• Work order
Omit images. Retype all entries verbatim.

• Data for analysis
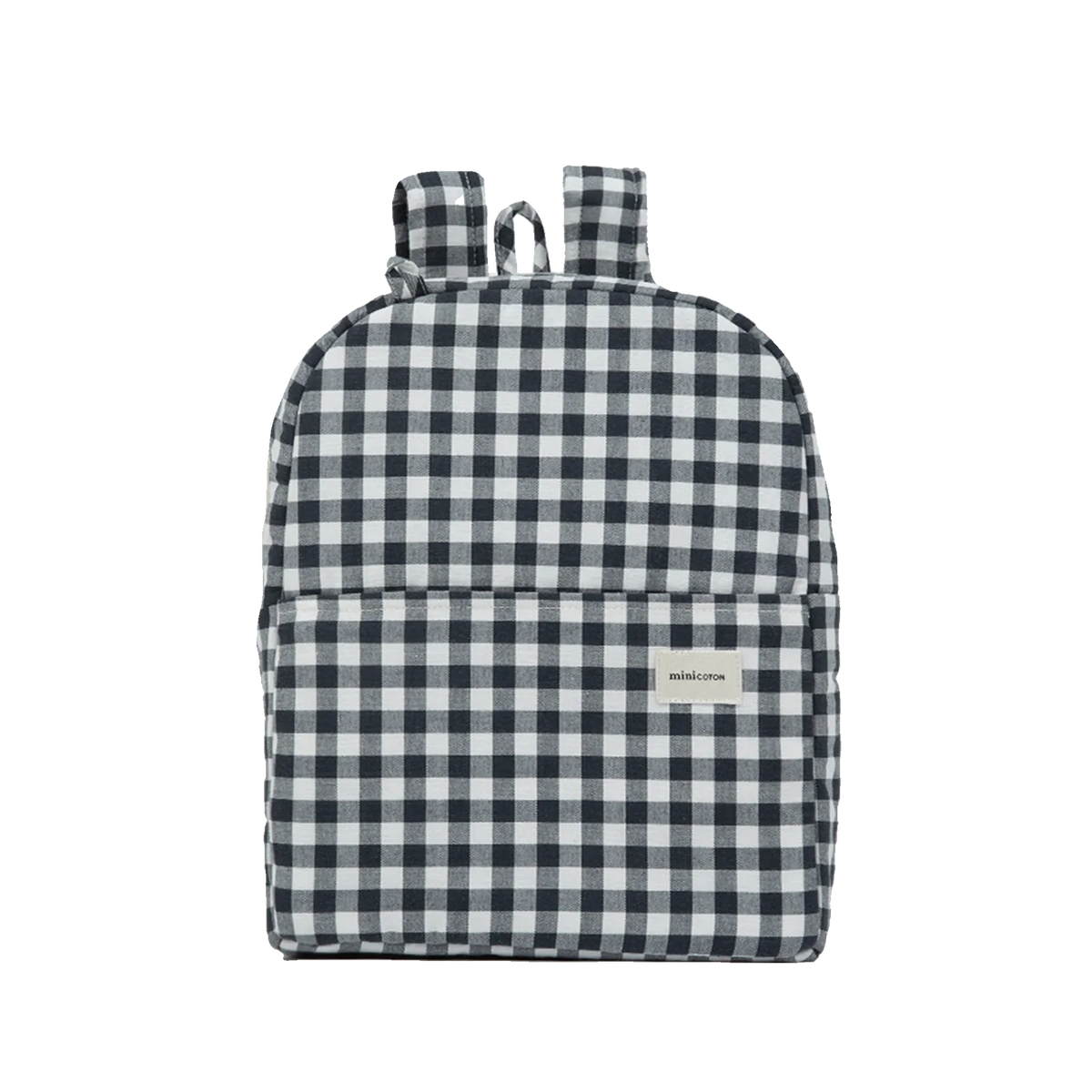 Mochila Midnight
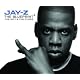 The Blueprint 2 The Gift & The Curse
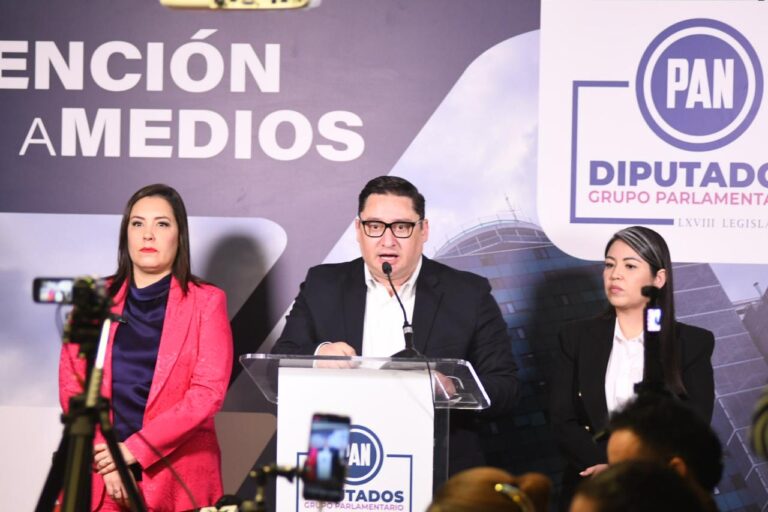 WhatsApp Image 2024-10-07 at 10.05.10 AM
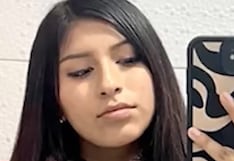 Familia de joven de 19 años responsabiliza a su expareja de secuestrarla, asesinarla y quemar su cuerpo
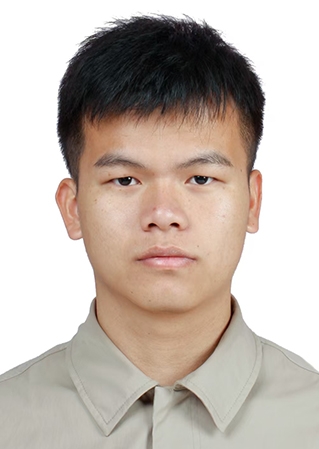 青木的第一张照片--宿州相亲服务中心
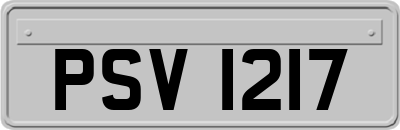 PSV1217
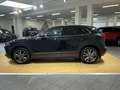 Mazda CX-30 Selection AWD Winterräder Schwarz - thumbnail 7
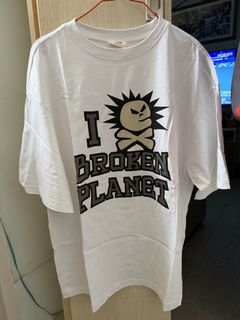 （分類：）位於 。 由 heloooooo_forest 提交（商品編號 1450699780，圖片 1）。簡介： 。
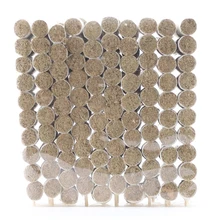 Новинка 200 штук Китайская традиционная прижигание теплые иглоукалывающие иглы мокса высококачественные палочки мокса палка для прижигания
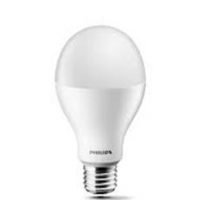 Ela Eletro Araguari LAMP.LED BULB 07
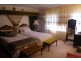 51 Dutton Street, Ingham QLD 4850
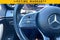 2019 Mercedes-Benz CLS CLS 450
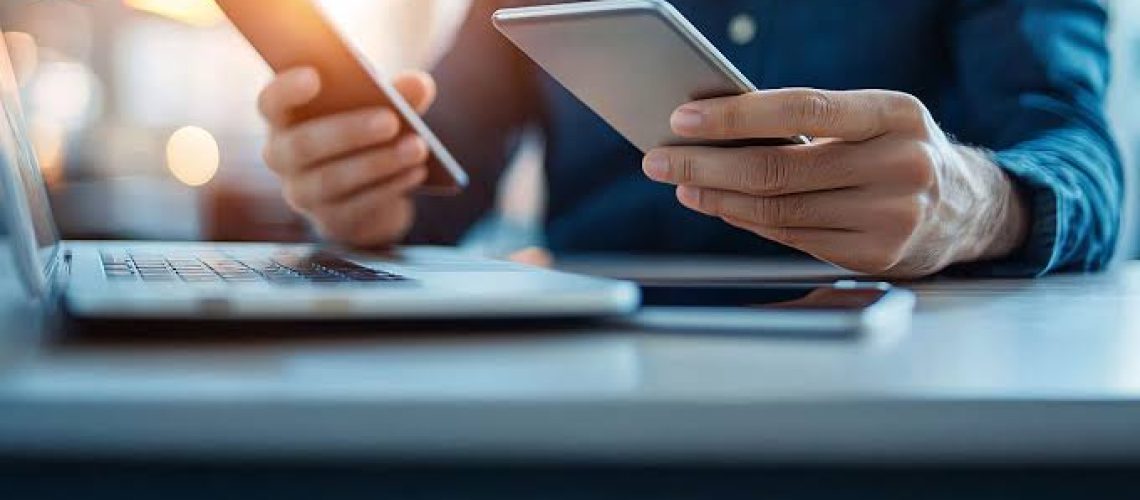 Importance of Testing in Website Development
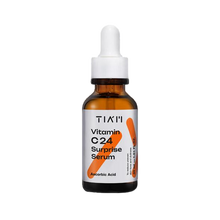 [TIAM] Vitamin C 24 Surprise Serum - 30ml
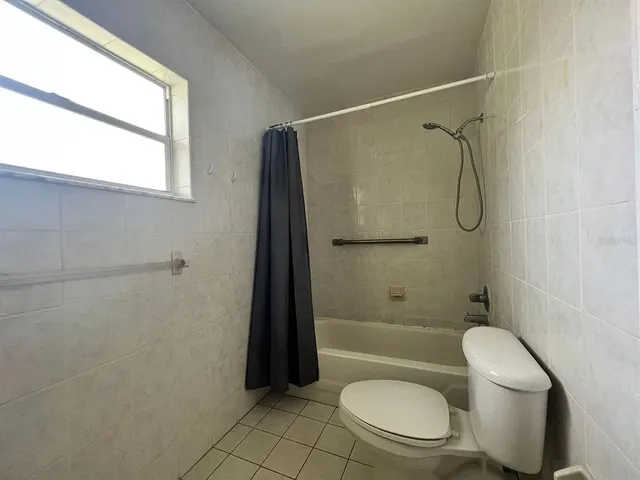 $425,000 | 2150 West Silver Hill Lane, Lecanto, FL 34461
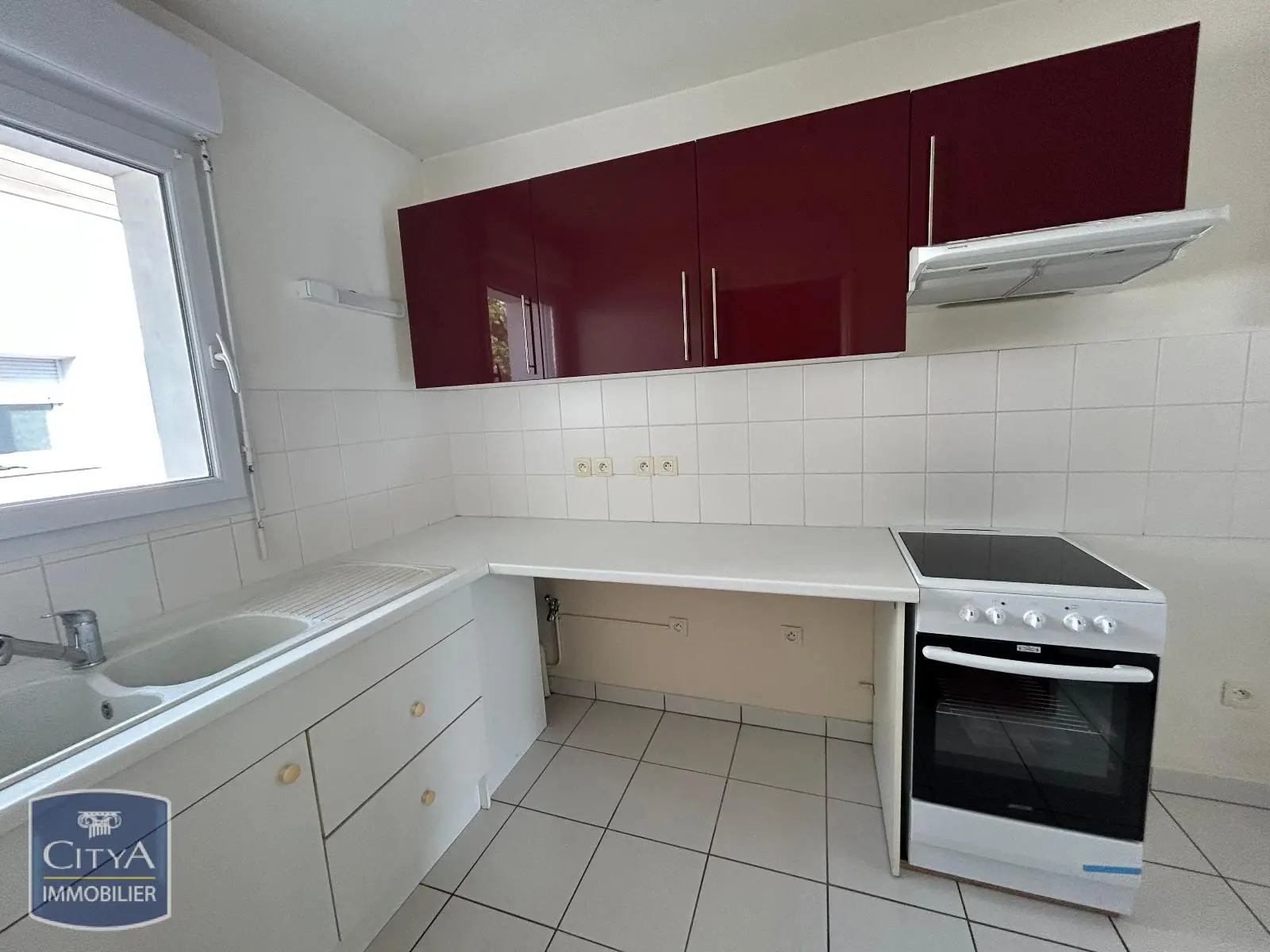 Photo 4 Maison 4 pièces 81.55m²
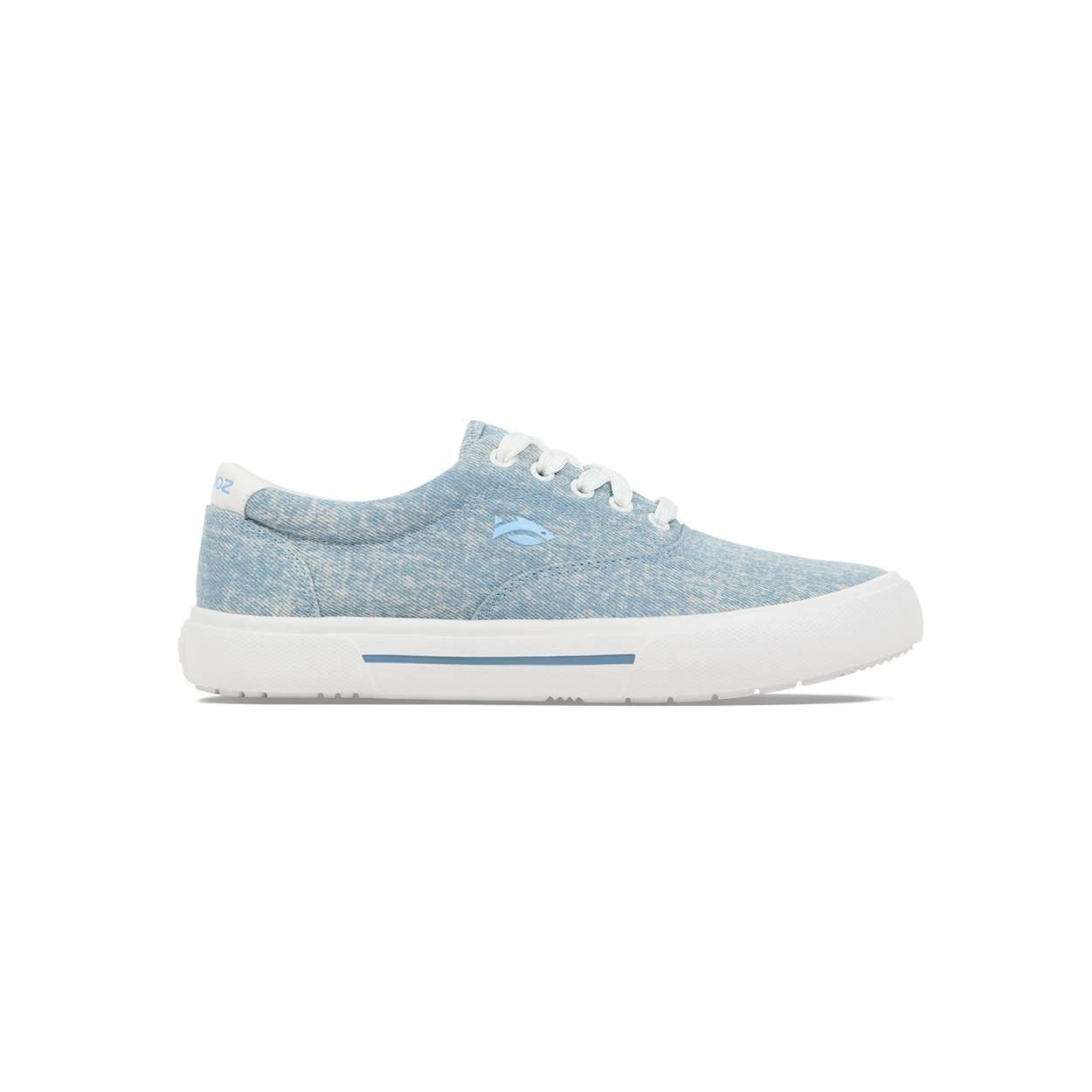 https://cdn.shopify.com/s/files/1/0784/3731/8951/files/Fishooz_Women_s_Sunwashed_Lace_Denim_White_02.jpg?v=1772486906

• Output below
 Mochila Midnight
 The Blueprint 2 The Gift & The Curse
 WhatsApp Image 2024-10-07 at 10.05.10 AM
 Familia de joven de 19 años responsabiliza a su expareja de secuestrarla, asesinarla y quemar su cuerpo
 青木的第一张照片--宿州相亲服务中心
 PSV1217
 Mazda CX-30 Selection AWD Winterräder Schwarz - thumbnail 7
 （分類：）位於 。 由 heloooooo_forest 提交（商品編號 1450699780，圖片 1）。簡介： 。
 Новинка 200 штук Китайская традиционная прижигание теплые иглоукалывающие иглы мокса высококачественные палочки мокса палка для прижигания
 Ela Eletro Araguari LAMP.LED BULB 07
 51 Dutton Street, Ingham QLD 4850
 2019 Mercedes-Benz CLS CLS 450
 Importance of Testing in Website Development
 [TIAM] Vitamin C 24 Surprise Serum - 30ml
 $425,000 | 2150 West Silver Hill Lane, Lecanto, FL 34461
 Photo 4 Maison 4 pièces 81.55m²
 https://cdn.shopify.com/s/files/1/0784/3731/8951/files/Fishooz_Women_s_Sunwashed_Lace_Denim_White_02.jpg?v=1772486906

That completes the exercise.